ABOUT DIVE COMPUTERS
Our Advice: Buy a Shearwater Perdix or equivalent to allow yourself room to grow into the full scope of diving possibilities.
Dive computers help the diver track depth and bottom time, calculate necessary decompression stops, and minimise the risk of decompression sickness (DCS).
There are three main decompression models that are used by modern dive computers; Buhlmann ZHL-16C, VPM, and RGBM. Each of these models will not match the other in terms of required stop times and depths for an identical dive profile.

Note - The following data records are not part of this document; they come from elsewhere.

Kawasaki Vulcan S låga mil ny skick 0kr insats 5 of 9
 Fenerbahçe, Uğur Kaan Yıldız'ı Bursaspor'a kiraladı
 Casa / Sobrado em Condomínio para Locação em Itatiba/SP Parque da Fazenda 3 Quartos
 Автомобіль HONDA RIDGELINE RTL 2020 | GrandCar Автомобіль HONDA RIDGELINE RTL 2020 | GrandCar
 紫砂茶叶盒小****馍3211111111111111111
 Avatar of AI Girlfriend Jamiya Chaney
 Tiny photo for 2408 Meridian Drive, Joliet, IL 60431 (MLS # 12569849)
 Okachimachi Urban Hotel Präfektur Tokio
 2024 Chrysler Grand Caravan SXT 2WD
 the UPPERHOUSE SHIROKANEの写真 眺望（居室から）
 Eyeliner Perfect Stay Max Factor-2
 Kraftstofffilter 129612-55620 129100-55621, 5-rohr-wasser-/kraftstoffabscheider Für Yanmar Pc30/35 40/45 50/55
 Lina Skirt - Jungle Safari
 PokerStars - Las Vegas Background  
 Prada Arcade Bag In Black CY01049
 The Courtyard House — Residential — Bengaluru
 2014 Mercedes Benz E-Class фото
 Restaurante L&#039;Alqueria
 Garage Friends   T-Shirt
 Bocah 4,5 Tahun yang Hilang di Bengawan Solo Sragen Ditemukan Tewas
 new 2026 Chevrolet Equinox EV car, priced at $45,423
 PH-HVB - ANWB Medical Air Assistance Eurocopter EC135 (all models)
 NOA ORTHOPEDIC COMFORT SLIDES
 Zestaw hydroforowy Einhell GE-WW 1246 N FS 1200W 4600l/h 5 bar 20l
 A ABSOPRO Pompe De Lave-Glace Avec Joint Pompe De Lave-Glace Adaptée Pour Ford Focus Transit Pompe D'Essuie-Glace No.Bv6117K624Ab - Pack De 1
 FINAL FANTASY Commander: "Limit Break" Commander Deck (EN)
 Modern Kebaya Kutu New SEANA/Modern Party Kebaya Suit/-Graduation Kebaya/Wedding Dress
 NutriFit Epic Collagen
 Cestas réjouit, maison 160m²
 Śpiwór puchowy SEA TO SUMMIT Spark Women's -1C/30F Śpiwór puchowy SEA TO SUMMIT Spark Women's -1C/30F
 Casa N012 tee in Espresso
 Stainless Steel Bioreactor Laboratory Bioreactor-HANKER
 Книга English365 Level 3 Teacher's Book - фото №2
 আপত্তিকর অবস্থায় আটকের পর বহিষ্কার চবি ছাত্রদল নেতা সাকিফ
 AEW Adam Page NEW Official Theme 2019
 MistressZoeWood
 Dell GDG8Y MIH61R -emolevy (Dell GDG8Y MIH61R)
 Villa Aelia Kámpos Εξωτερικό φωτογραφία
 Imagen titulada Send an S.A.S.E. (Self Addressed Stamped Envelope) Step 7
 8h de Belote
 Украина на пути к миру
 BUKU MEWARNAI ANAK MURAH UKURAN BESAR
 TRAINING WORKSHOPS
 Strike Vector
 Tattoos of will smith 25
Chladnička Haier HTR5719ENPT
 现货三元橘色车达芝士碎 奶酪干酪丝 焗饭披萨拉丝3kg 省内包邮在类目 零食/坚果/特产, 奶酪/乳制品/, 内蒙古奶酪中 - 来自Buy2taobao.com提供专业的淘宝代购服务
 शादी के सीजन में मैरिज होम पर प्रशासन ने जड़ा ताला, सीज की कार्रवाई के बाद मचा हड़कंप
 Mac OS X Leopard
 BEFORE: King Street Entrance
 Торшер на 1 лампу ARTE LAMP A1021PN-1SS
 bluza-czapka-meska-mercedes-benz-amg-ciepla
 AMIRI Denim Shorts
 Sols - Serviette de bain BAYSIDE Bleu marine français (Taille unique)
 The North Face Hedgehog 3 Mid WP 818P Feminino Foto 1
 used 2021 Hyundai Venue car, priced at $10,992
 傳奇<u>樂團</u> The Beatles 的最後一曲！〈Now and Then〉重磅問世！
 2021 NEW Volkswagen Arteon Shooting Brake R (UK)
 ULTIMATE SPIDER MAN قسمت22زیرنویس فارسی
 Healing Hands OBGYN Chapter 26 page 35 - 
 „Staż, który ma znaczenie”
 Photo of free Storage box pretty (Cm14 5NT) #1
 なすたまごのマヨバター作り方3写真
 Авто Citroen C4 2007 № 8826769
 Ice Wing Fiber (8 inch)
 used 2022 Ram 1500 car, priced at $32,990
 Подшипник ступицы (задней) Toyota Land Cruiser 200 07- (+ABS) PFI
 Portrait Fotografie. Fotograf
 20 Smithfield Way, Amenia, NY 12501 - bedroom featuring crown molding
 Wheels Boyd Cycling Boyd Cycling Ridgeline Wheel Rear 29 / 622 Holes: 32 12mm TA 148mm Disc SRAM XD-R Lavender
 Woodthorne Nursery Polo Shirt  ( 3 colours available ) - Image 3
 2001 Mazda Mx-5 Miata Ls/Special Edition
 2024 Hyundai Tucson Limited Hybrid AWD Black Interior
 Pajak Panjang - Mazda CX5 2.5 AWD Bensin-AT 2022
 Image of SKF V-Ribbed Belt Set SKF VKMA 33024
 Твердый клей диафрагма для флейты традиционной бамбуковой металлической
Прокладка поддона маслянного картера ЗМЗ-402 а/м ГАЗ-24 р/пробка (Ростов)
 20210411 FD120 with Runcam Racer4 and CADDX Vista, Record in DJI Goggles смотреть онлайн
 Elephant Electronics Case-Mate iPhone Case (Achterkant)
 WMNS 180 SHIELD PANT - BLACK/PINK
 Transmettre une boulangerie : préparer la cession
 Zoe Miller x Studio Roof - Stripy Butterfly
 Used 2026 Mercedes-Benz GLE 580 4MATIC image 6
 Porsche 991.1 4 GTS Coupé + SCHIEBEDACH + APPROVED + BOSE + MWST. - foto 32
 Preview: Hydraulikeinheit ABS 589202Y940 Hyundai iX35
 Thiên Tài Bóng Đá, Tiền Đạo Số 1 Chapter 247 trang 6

Better dive computers using the Buhlmann (ZHL-16C) tissue model make further adjustment for gradient factors, allowing the diver to adjust for their own physiology and conservatism preferences.
Console or wrist mount?
Wrist mounted vs console dive computer: console dive computers are vulnerable to damage, difficult to check, add unnecessary bulk to the SPG, and require you to dissemble the console for battery changes. Wrist mounted dive computers are recommended for being far easier to check frequently and to watch for while maintaining stops.
Replaceable batteries
If your dive computer’s battery runs out at the dive site or on an overseas trip, it is essential that you be able to easily change the battery yourself from common battery types available at any corner store. For this purpose AA or AAA batteries are best. Poorly designed dive computers require a service centre to change the battery, or require special (difficult to find) battery types.
Multi-gas capable
Nitrox is increasingly the standard gas mix from dive centres around the world. For recreational purposes, at a minimum your dive computer must be programmable with air or variable nitrox mixes.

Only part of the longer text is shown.